The line containing "Куртка утепленная женская FILA — фото №9" marks the end: quote every line from the start of the records below through it, word for word.

Record excerpts:
----------------
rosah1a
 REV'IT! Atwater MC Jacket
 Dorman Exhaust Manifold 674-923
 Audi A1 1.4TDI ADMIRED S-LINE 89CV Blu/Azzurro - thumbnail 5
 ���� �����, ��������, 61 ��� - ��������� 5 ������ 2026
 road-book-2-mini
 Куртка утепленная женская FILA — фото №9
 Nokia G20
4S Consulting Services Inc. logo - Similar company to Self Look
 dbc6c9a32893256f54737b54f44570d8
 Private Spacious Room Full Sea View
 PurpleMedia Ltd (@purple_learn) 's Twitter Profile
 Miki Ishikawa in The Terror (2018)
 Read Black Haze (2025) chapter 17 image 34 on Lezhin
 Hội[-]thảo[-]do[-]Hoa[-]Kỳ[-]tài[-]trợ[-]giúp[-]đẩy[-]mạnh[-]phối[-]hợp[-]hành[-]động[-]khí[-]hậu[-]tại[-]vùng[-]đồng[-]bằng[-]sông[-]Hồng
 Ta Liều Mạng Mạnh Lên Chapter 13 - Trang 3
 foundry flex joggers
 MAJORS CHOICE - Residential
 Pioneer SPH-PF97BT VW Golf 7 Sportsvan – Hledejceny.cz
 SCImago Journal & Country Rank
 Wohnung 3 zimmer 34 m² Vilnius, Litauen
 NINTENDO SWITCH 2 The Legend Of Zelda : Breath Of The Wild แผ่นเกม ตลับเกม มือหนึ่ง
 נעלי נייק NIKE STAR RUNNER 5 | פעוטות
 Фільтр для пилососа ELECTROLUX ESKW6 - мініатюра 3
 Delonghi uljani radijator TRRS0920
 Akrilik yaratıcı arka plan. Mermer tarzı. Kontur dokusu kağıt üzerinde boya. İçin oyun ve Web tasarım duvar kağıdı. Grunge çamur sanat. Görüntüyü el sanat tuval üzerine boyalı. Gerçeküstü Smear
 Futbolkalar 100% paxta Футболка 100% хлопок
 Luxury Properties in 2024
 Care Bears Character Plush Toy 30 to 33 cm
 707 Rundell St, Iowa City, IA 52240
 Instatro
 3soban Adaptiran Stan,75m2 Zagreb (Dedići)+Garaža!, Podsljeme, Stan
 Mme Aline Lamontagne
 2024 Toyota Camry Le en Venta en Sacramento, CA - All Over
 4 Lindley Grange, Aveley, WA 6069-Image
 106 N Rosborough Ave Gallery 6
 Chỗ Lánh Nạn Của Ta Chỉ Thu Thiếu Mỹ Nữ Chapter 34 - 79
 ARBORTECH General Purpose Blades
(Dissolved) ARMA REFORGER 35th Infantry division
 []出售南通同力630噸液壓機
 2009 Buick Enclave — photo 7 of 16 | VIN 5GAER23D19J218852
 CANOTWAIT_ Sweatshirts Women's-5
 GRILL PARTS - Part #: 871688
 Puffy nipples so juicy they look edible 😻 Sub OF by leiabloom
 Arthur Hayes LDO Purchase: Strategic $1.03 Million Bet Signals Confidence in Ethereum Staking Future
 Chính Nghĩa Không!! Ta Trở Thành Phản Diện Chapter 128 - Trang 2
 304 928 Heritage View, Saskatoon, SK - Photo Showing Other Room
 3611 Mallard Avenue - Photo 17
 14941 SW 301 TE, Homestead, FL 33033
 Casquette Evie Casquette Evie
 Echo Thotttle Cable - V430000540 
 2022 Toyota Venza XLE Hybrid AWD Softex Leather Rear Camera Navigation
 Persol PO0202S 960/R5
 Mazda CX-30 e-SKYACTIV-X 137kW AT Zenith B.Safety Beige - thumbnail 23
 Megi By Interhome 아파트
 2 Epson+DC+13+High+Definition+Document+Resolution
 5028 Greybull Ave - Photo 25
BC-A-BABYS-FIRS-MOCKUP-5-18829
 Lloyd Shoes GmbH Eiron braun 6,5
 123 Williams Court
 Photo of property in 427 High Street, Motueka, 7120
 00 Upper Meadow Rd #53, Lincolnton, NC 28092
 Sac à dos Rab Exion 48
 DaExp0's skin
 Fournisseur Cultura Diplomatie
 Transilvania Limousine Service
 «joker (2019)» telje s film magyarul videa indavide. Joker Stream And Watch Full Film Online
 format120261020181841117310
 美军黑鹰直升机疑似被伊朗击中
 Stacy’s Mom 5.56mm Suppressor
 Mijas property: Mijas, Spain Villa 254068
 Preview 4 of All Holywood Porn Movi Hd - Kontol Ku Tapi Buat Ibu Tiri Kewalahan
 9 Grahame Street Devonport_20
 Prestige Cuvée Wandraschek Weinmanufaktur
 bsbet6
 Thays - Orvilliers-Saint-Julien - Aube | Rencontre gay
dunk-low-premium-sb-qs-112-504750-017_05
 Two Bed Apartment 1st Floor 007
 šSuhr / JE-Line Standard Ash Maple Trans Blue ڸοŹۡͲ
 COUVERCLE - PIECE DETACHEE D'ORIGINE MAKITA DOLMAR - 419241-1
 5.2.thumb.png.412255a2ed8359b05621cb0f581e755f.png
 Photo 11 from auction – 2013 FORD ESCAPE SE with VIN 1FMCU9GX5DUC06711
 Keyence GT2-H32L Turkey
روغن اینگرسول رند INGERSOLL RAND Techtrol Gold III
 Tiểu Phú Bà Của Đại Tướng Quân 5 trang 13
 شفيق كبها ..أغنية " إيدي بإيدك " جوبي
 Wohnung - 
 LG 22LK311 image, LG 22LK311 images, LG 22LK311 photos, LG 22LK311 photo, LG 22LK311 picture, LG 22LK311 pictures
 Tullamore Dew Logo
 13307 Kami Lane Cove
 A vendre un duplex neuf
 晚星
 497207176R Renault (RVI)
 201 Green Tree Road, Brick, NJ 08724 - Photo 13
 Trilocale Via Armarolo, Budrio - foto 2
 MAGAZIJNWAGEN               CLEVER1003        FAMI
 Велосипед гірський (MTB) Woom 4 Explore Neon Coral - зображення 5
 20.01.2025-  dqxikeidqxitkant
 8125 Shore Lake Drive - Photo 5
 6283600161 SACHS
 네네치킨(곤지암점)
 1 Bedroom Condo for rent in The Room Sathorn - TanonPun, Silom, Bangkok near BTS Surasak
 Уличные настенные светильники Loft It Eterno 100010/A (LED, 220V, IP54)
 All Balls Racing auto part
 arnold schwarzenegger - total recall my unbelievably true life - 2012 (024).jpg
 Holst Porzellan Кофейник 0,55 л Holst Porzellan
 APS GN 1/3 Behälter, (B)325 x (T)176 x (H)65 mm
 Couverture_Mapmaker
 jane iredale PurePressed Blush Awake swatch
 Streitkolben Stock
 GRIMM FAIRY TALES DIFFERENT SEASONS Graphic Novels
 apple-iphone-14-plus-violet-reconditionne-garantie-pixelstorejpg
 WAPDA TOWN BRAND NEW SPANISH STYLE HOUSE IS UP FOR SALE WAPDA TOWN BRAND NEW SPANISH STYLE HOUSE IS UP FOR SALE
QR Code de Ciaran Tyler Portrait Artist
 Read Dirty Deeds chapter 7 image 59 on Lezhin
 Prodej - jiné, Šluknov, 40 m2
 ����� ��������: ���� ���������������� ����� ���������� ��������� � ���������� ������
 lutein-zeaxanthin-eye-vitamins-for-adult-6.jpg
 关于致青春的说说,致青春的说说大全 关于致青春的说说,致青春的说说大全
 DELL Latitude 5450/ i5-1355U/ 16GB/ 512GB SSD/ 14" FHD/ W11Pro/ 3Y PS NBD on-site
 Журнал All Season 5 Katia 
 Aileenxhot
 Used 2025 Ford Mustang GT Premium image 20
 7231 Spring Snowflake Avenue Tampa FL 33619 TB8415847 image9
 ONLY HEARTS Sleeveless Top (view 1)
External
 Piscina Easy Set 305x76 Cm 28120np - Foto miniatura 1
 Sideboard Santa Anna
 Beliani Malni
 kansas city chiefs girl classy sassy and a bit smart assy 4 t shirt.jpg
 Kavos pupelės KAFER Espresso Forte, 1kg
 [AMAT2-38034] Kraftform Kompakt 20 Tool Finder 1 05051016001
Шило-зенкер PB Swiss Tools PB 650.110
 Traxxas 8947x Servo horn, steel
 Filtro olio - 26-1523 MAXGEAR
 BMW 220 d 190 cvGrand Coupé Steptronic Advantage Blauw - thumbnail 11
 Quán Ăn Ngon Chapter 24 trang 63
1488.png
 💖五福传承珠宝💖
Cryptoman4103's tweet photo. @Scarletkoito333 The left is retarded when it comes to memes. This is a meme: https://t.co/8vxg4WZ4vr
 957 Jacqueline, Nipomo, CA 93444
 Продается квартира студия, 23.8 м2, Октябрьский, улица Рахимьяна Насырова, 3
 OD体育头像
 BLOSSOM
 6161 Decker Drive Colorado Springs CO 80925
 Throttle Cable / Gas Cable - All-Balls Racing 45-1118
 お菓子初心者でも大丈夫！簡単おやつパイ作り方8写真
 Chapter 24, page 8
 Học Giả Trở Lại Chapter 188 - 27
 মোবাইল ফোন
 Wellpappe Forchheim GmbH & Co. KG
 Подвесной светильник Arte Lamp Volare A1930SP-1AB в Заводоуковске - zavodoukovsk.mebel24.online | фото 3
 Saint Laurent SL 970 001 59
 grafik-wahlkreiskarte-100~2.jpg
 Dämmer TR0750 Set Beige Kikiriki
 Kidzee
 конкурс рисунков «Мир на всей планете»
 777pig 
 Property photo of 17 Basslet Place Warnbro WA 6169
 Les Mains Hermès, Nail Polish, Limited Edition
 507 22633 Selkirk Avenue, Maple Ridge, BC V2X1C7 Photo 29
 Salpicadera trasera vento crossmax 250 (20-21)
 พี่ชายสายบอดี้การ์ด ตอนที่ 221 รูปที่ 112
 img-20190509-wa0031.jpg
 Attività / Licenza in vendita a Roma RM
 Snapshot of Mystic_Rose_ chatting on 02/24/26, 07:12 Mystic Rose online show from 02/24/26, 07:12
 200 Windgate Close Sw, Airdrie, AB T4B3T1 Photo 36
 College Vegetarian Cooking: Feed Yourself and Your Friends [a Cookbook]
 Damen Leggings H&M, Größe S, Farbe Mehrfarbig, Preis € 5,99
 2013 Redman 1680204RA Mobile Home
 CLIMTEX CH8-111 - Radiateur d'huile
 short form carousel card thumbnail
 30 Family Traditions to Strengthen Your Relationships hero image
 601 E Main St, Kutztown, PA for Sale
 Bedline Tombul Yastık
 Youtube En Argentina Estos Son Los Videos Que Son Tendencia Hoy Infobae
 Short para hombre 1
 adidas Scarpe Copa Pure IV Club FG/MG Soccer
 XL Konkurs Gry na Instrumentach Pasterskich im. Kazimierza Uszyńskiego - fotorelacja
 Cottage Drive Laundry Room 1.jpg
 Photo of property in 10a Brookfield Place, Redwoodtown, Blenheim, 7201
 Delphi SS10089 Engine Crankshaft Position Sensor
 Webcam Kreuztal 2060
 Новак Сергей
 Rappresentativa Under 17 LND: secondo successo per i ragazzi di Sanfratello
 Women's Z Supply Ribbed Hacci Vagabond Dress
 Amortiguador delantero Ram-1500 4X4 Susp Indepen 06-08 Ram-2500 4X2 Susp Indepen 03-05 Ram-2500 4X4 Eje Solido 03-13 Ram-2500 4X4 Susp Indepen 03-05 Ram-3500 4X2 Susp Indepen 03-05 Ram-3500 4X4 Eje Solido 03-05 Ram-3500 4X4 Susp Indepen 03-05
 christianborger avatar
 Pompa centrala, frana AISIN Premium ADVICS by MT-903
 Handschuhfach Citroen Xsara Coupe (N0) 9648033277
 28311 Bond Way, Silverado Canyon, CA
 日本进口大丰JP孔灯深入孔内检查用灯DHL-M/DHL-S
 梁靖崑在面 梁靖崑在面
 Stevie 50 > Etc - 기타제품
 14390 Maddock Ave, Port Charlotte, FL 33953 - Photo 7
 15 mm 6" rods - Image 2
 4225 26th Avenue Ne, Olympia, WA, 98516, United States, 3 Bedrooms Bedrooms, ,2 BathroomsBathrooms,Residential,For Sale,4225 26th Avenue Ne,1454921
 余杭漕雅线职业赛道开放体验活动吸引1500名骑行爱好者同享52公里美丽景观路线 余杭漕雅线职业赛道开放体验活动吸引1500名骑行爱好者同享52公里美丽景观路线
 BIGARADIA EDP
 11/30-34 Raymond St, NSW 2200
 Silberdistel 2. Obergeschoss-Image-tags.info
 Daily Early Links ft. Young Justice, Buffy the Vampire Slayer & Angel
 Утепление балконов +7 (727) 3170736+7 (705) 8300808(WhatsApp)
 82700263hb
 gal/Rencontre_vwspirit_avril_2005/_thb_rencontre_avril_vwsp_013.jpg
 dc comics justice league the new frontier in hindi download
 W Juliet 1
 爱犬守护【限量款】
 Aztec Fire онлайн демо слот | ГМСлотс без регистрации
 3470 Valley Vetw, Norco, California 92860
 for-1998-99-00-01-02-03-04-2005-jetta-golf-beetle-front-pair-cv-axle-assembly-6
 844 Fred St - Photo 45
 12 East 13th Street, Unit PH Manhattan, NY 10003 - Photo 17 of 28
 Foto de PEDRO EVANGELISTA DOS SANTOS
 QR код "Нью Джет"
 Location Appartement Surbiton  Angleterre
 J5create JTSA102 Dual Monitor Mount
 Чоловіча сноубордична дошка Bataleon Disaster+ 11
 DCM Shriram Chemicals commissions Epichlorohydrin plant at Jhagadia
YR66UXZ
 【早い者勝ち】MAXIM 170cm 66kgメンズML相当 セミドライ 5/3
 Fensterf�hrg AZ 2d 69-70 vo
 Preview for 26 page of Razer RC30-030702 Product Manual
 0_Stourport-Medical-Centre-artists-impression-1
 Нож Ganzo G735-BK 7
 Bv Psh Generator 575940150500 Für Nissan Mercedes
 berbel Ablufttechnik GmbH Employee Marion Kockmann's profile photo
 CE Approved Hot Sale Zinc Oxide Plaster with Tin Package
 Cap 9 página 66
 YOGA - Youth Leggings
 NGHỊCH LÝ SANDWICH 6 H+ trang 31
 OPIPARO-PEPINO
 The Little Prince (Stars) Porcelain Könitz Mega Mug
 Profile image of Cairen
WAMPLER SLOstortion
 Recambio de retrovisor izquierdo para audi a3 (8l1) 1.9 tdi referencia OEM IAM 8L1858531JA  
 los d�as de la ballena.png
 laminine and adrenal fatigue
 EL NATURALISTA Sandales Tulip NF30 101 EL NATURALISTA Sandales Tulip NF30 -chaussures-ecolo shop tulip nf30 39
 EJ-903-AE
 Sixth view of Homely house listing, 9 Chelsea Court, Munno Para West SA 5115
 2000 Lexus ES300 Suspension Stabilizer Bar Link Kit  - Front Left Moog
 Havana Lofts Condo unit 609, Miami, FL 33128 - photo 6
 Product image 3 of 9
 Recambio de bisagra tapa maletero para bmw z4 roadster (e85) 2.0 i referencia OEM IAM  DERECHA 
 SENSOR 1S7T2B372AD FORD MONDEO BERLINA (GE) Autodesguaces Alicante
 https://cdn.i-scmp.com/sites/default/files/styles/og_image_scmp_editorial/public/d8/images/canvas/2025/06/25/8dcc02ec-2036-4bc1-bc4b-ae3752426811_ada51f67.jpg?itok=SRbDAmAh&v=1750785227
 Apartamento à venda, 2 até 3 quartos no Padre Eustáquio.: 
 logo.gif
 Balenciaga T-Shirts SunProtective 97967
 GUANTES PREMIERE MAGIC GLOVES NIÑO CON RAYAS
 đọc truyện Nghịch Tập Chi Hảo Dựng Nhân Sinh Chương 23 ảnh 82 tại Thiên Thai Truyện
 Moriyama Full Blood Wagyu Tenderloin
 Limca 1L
----------------
Answer space:
rosah1a
 REV'IT! Atwater MC Jacket
 Dorman Exhaust Manifold 674-923
 Audi A1 1.4TDI ADMIRED S-LINE 89CV Blu/Azzurro - thumbnail 5
 ���� �����, ��������, 61 ��� - ��������� 5 ������ 2026
 road-book-2-mini
 Куртка утепленная женская FILA — фото №9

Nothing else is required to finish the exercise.